Now comes the big test: Can the Lions possibly start the season with three consecutive wins?

Detroit is off to their best start in four years with back-to-back wins against Chicago and Houston, an impressive run for a team that was 10-38 in its first three years under team president Matt Millen.

But can they go 3-0? If they do, it will be the first time a Lions team has opened the season with three consecutive wins since Billy Sims' rookie season in 1980, when they rushed out to 4-0 before finishing with a 9-7 record.

And it's not only the numbers that become more difficult in game three, it's the degree of difficulty.

The Lions will be at home Sunday against the Philadelphia Eagles, who will be coming off an emotional Monday night game against the Minnesota Vikings with a short week of preparation.

Two wins in a 16-game season doesn't have the Lions beating their chests but two wins - for a team that hasn't won more than five in a season since going 9-7 in 2000 - is encouraging.

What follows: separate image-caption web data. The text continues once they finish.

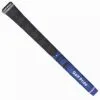 Brand Fusion Golf Pride MultiCompound Blue (Standard) Grip -Golf Clubs Elegant shop bfcompbu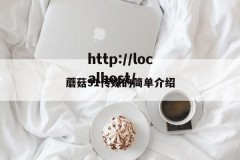 蘑菇91传媒的简单介绍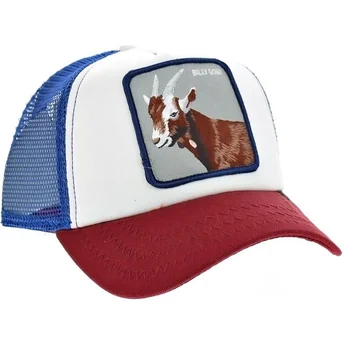 sapkak-ivelt-kek-snapback-hickory-stick-the-farm-goorin-bros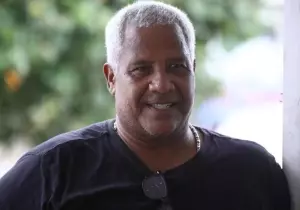 Eleição do Conselho de Patrimônio, em Cabo Frio, é contestada e vai parar no Ministério Público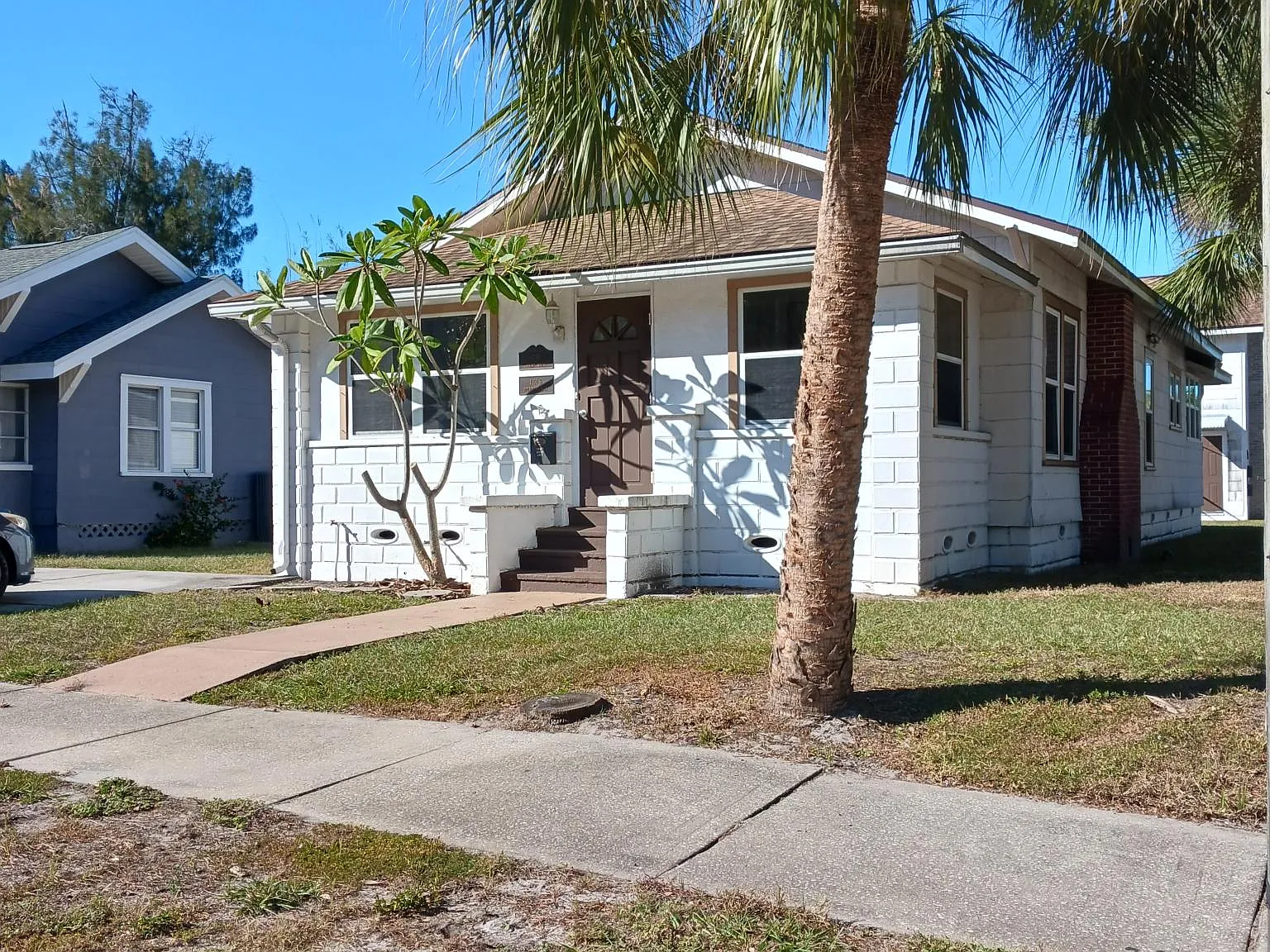 2 bed, 1350 sqft, $2,300 — Photo 1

Quarterback Joey Harrington has completed 62.7 percent of his passes in the first two games, has thrown four touchdowns against two interceptions, and has a passer rating of 93.8.

Most encouraging to coach Steve Mariucci, however, is the fact his rookies - wide receiver Roy Williams, running back Kevin Jones, linebacker Teddy Lehman, cornerback Keith Smith and linebacker Alex Lewis - are all stepping up and making early-season contributions.

If the Lions can get cornerback Dre' Bly back in another week or two from his sprained left knee and if outside linebacker Boss Bailey gets back from his knee surgery sometime in mid or late October, the Lions defense should make improvements also.

-- The perception nationally seems to favor David Carr of Houston as the best of the two quarterbacks taken No. 1 and No. 3 in the 2002 NFL draft.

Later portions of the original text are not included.